Why the Slide?: Brevin Jordan, TE, Miami


This series was created a number of years ago in response to questions about why certain well-known prospects went unselected in NFL drafts. For these articles, I reach out to sources with NFL teams to find out why their organizations passed on drafting a given player, and/or, what were the reasons for other teams to pass on that prospect. The positive response to “Why Undrafted” and questions from readers about why prospects were drafted lower than the media expectations led us to create the parallel series “Why the Slide?”

Both series are back this year. Feel free to email me requests for Why the Slide? and Why Undrafted? at [email protected]. I can’t promise to get to all of them, but I will do my best and definitely will respond to the email.

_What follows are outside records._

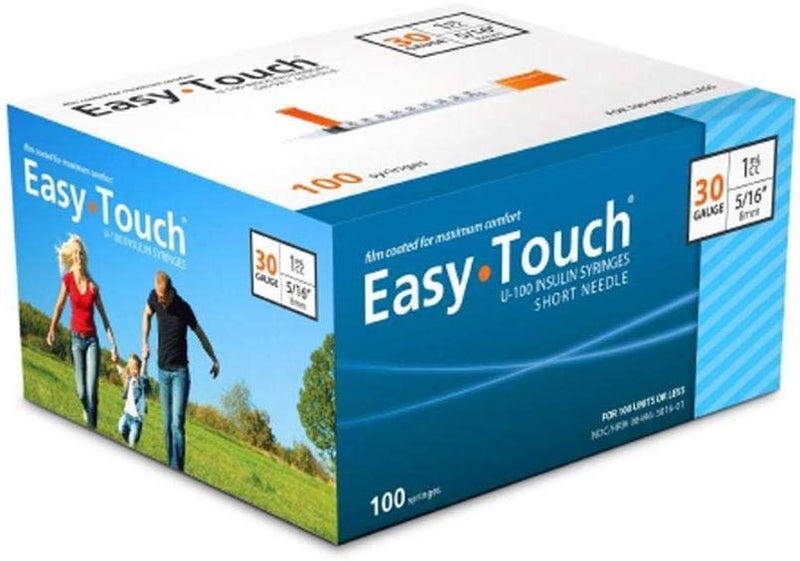 EasyTouch Insulin Syringe U-100 30G 1cc 5/16" (8mm) Box of 100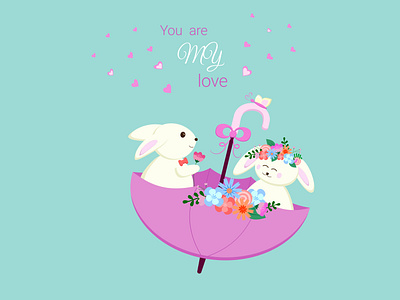 cute illustration with rabbits and flowers for valentine's day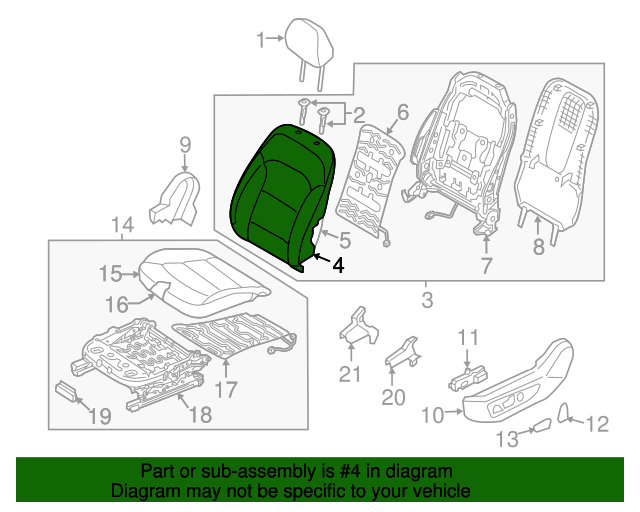 Genuine Hyundai 88460-33500-ECO Seat Back Panel Assembly Front Right Genuine Hyundai 88460-33500-ECO Seat Back Panel Assembly Front Right
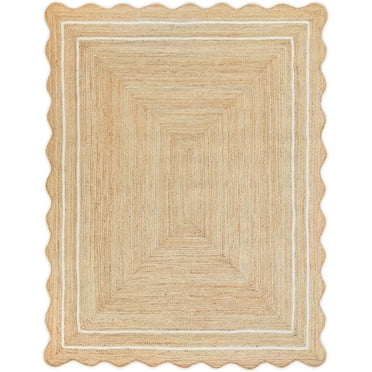 Weaving Village Wave Scalloped Natural Jute Rug Boho Jute Rug Entryway Runner Rug Farmhouse Scallop Rug, Off White (2'x3')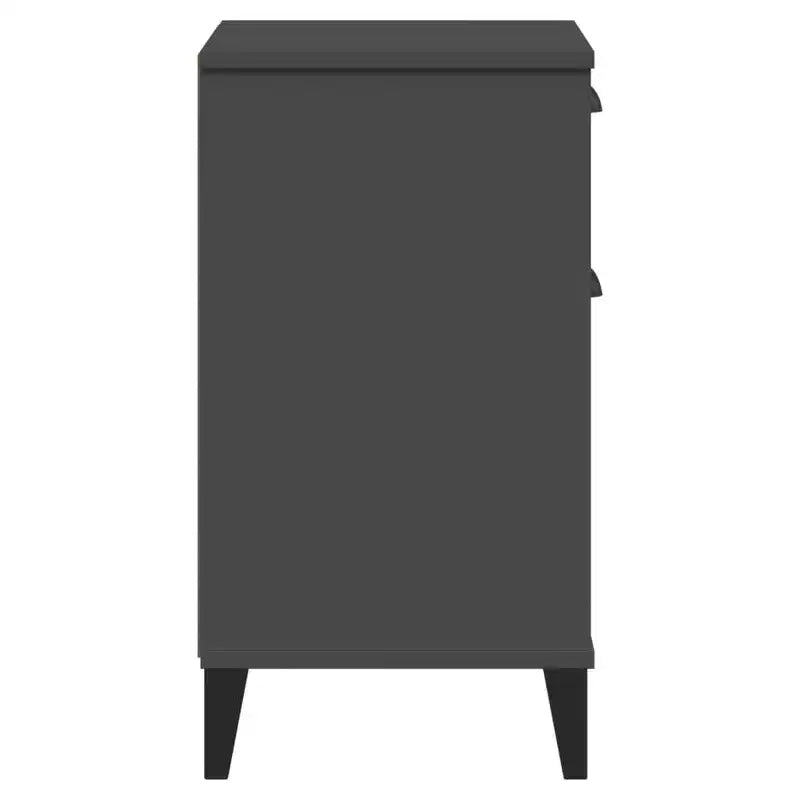 vidaXL Bedside Table Engineered Wood, Plastic, Medium - White, Black, Anthracite Gray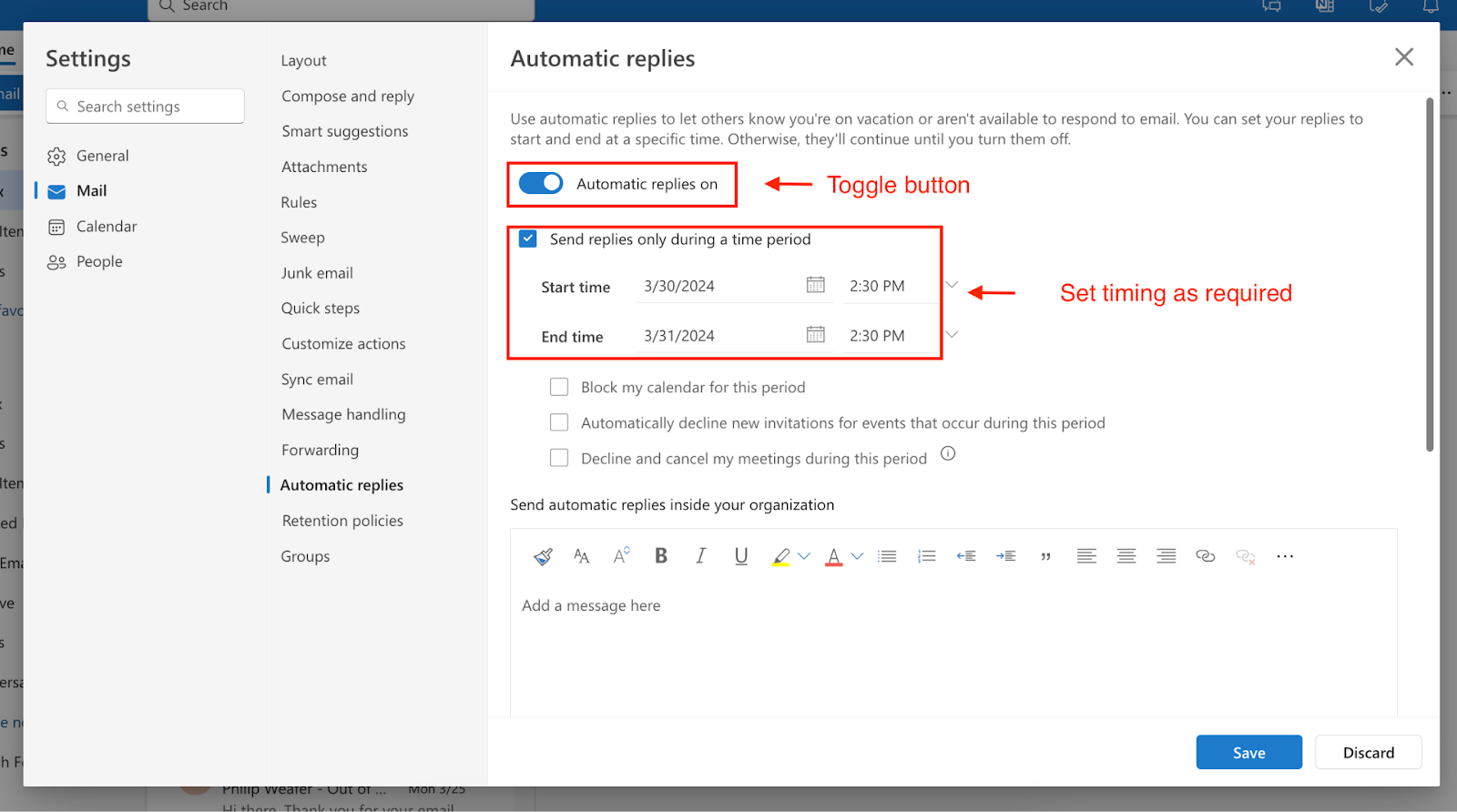 how to send automatic reply in outlook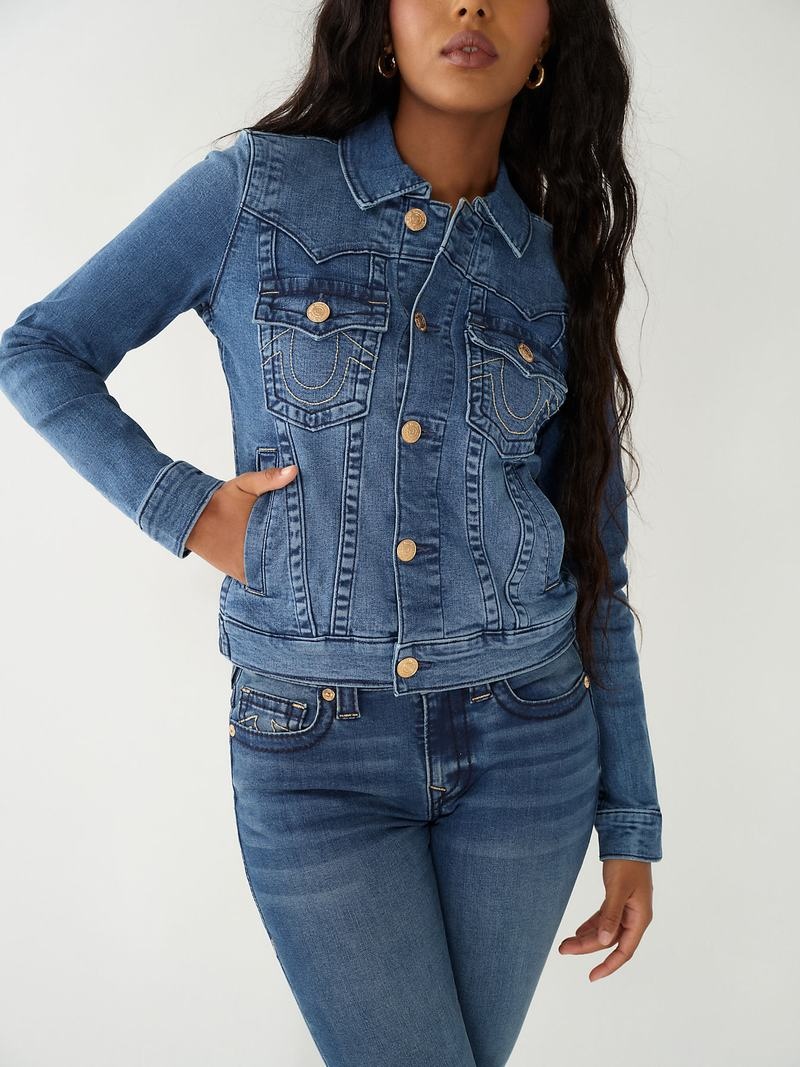 True Religion Jimmy Denim Jeansjacke Damen Waschen | 31485CHWX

While Kyle Pitts was the star tight end of the 2020 college football season, there were others who produced really good years as well. Among them was Miami’s Brevin Jordan, who put together solid numbers and was a mismatch weapon for quarterback D’Eriq King. Jordan turned 38 receptions into 576 yards and seven touchdowns in 2020 while splitting tight end targets with Will Mallory. The 2021 NFL Draft was not strong at the tight end position, so it was surprising when Jordan slipped to the fifth round, as many expected him to be a third- or early fourth-round pick.

NFL sources shared that teams had some concerns about Jordan translating to the next level. He lacks standout size at 6-foot-3, 245 pounds and is lacks special speed. They had concerns about his hands, and that skill set worries were somewhat validated by his pro day, which was described as average at best. Those things combined are why Jordan slipped to the back half of the 2021 NFL Draft.




The Houston Texans ended Jordan’s slide, which was a good landing spot for him as the team has a wide-open depth chart at tight end. Former third-round picks Jordan Aikens – 2018 – and Kahale Warring – 2019 – have disappointed thus far and were picks by Bill O’Brien. The new general manager and coaching staff will have no problem cutting an O’Brien draft pick because none of those failures are their fault.

Additionally, Brevin Jordan could easily beat Aikens and Warring out once he spends some time adjusting to the NFL. Whether the Texans are starting Deshaun Watson, Tyrod Taylor or Davis Mills at quarterback, Jordan could provide a better and more consistent receiving option at tight end. It would not be surprising if Jordan quickly develops into an upgrade at tight end for Houston and is at least a solid rotational player.